**** Stored data ****

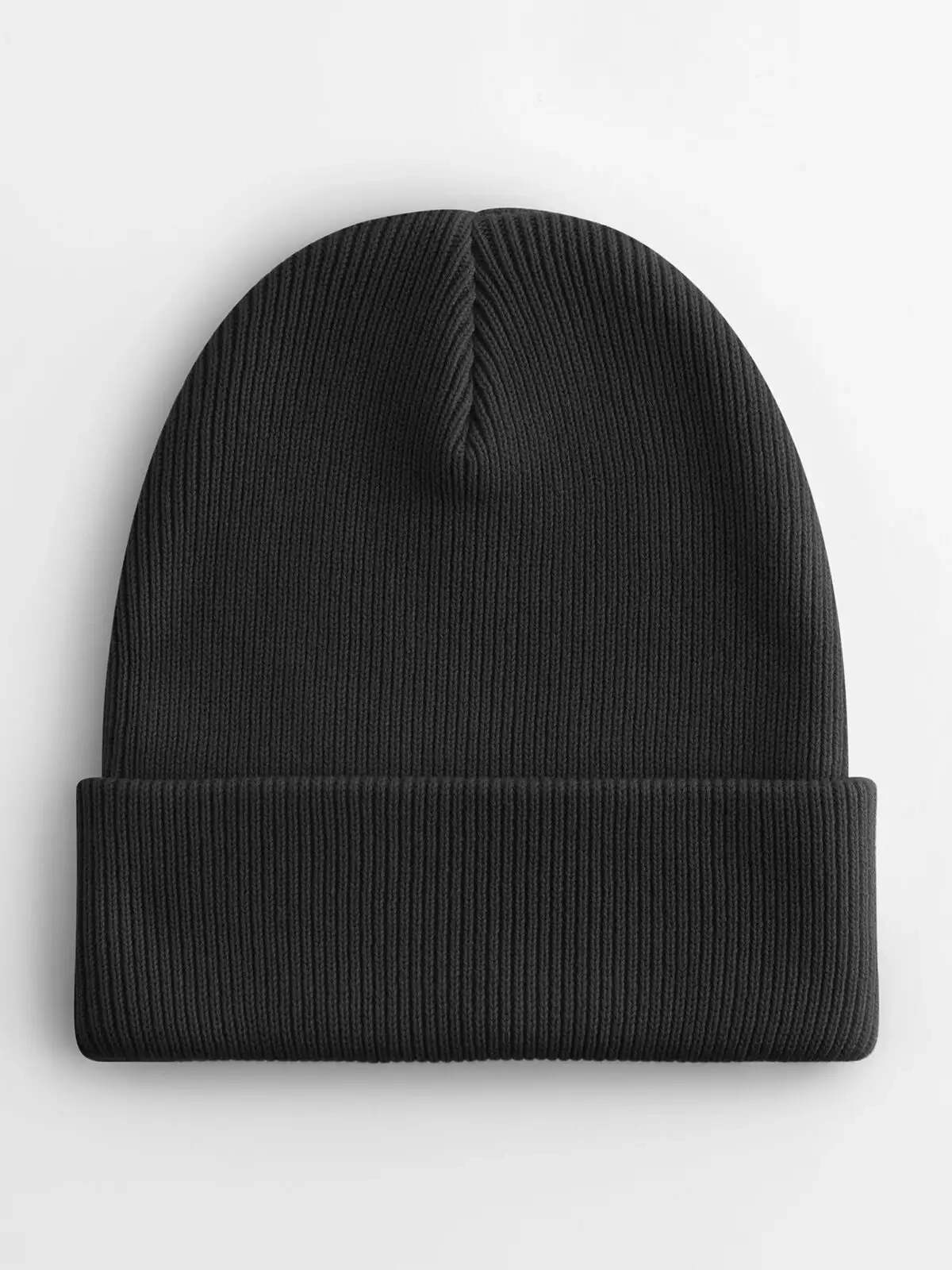 Immagine Berretto con risvolto in cotone organico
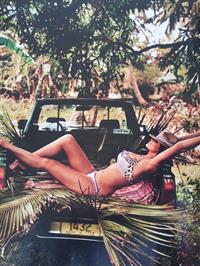 Robyn Lawley in a bikini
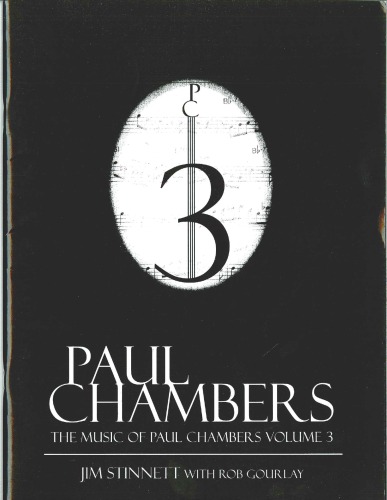 The Music of Paul Chambers Vol. 3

****

§ **Problem**
Give back only the lines from the one that carries "Robyn Lawley in a bikini" through the final line above, both included. Drop all pictures.

§ **Answer space**
 Robyn Lawley in a bikini
 The Music of Paul Chambers Vol. 3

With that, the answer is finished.